Work task:
Return the data verbatim, without pictures.

____ Information shown

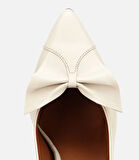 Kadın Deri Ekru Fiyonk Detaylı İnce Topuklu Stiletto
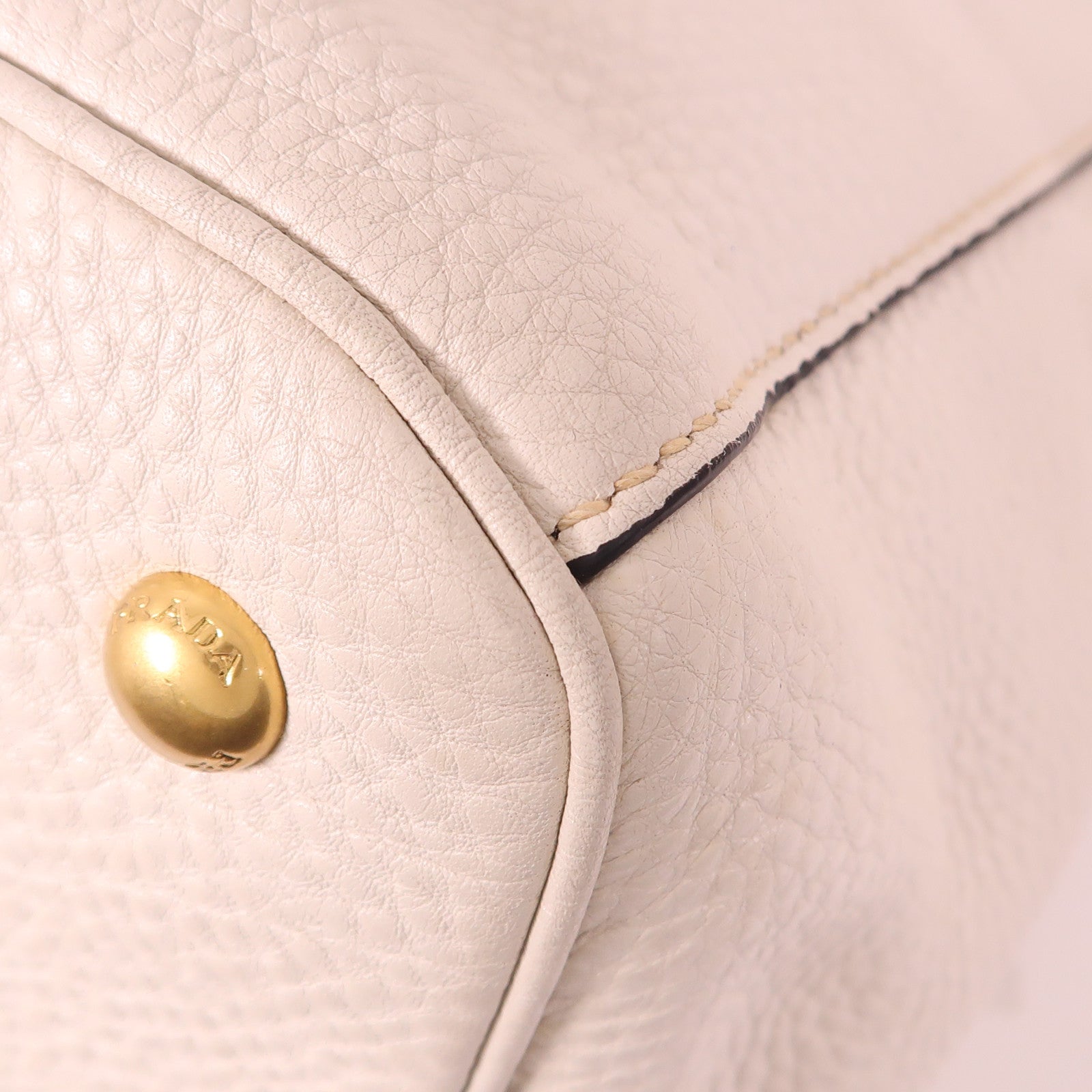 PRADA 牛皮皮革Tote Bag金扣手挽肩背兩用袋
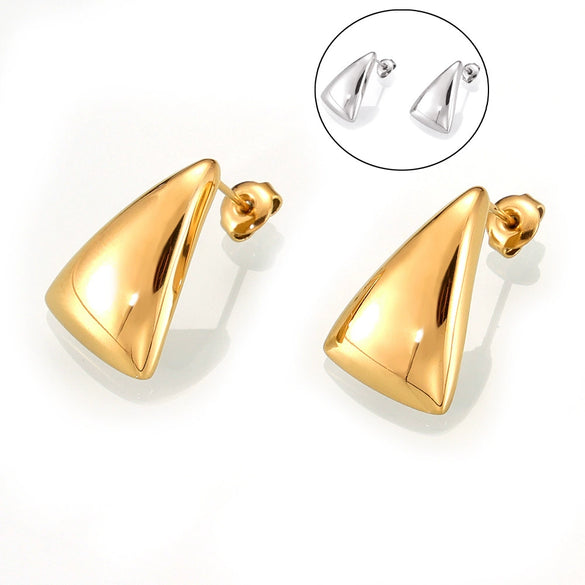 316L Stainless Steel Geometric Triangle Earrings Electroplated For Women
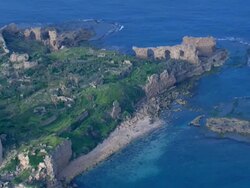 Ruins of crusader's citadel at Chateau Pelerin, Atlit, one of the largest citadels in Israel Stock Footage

________

Problem solution:
 Kadın Deri Ekru Fiyonk Detaylı İnce Topuklu Stiletto
 PRADA 牛皮皮革Tote Bag金扣手挽肩背兩用袋
 316L Stainless Steel Geometric Triangle Earrings Electroplated For Women
 Ruins of crusader's citadel at Chateau Pelerin, Atlit, one of the largest citadels in Israel Stock Footage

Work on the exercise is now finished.